JUSTIN UPTON, ss, Chesapeake, Va.
Upton was the nation’s best 14-year-old in 2002, best 15-year-old in 2003 and best 16-year-old in 2004. Had he played this summer after being selected the first overall pick by the Diamondbacks in this year’s draft, he might have topped his age group for a fourth year in a row.
A 6-foot-2, 190-pound shortstop, Upton has five-tool ability. He’s been clocked at 6.23 seconds in the 60-yard dash and has above-average power potential. His arm strength is above-average, though he lacks consistent accuracy—his only obvious flaw. Upton earned first-team All-America honors at Great Bridge High in Chesapeake as a junior, hitting .565-8-23 with 30 stolen bases. As a senior, he was BA’s High School Player of the Year. Despite being a marked man, he hit .509-12-33 with 10 stolen bases.
JORDAN WALDEN, rhp, Mansfield, Texas
An all-state outfielder in 2005 at Mansfield High, where he hit .488-5-44, Walden didn’t begin to showcase his talent as a pitcher until this summer. Though he posted a 1.04 ERA in 54 innings as a junior, the 6-foot-4 righthander didn’t make his mark as a pitcher until his fastball was clocked at 97 mph at a tryout for the Area Code Games. Suddenly his stock surged and he moved to the head of the class among high school players for the 2006 draft.
Walden was selected to start for the West squad at the Aflac All-American game, and responded by throwing two hitless innings. He was selected the Pitching Prospect of the Year at the event by Baseball America.
Walden spent the majority of his summer playing for the Dallas-based DBAT-18 team, going 4-1, 1.73 with two saves and 40 strikeouts in 36 innings, while hitting .417-2-32. He has already committed to reigning national champion Texas as that school’s top recruit, but should be among the first five to 10 picks in next year’s draft
AGE 18: ANDREW McCUTCHEN, of, Pirates
McCutchen was drafted in the first round (11th overall) in June by the Pirates after hitting .709-16-42 with 16 stolen bases at Fort Meade (Fla.) High. Scouts were impressed with his all-around game, particularly the bat speed he generated from a compact 5-foot-11, 170-pound frame.

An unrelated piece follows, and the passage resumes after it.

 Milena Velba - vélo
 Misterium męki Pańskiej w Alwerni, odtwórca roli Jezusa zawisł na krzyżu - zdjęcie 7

He exceled in his first exposure to pro ball, earning top prospect honors in the Rookie-level Gulf Coast League after hitting .297-2-30 with 13 stolen bases. Promoted to short-season Williamsport, he hit .346-0-4 in 13 games and may have also become the top prospect in that league if he had sufficient plate appearances to qualify.
COLBY RASMUS, of, Cardinals
Along with his three younger brothers, Rasmus was a member of the Russell County High team that went 38-1, won the Alabama 5-A championship and was ranked No. 1 in the Baseball America/National High School Baseball Coaches Association poll. Rasmus contributed a .484 average and 24 homers, the second-most in Alabama high school history, while going 3-0, 0.00 with three saves. His younger brother Cory, a top prospect for the 2006 draft, was also a key member of the team. Rasmus became a first-round pick of the Cardinals in the June draft and went on to hit .296-7-27 for Johnson City of the Rookie-level Appalachian League. He was selected the league’s second-best prospect.

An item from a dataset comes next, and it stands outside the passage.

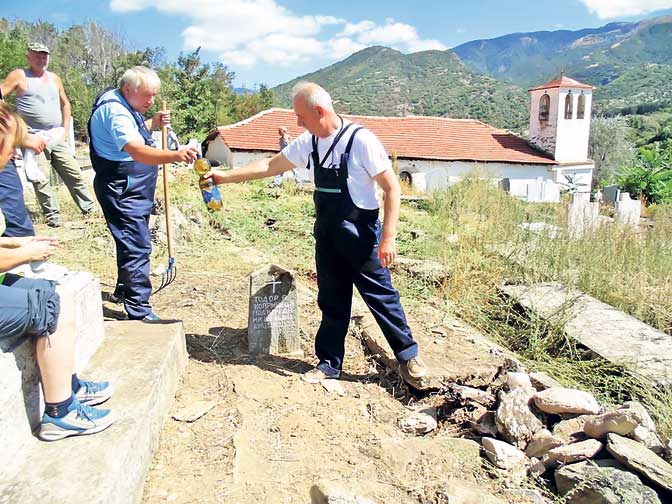 Čišćenje groblja u selu Skočivir (Foto Udruženja „Kosta Pećanac”)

CHRIS VOLSTAD, rhp, Marlins
The first of three first-round draft picks by the Marlins in June, Volstad stood out in his professional debut, exhibiting command of three pitches well beyond his level of experience. He was selected the top pitching prospect in two leagues, the Rookie-level Gulf Coast League and the short-season New York-Penn League. Overall, he went 4-3, 2.07 with 15 walks and 55 strikeouts in 65 innings. The 6-foot-7 Volstad’s fastball registered 95 mph during the spring at Palm Beach Gardens (Fla.) High, where he went 8-2, 0.46 as a first-team All-American.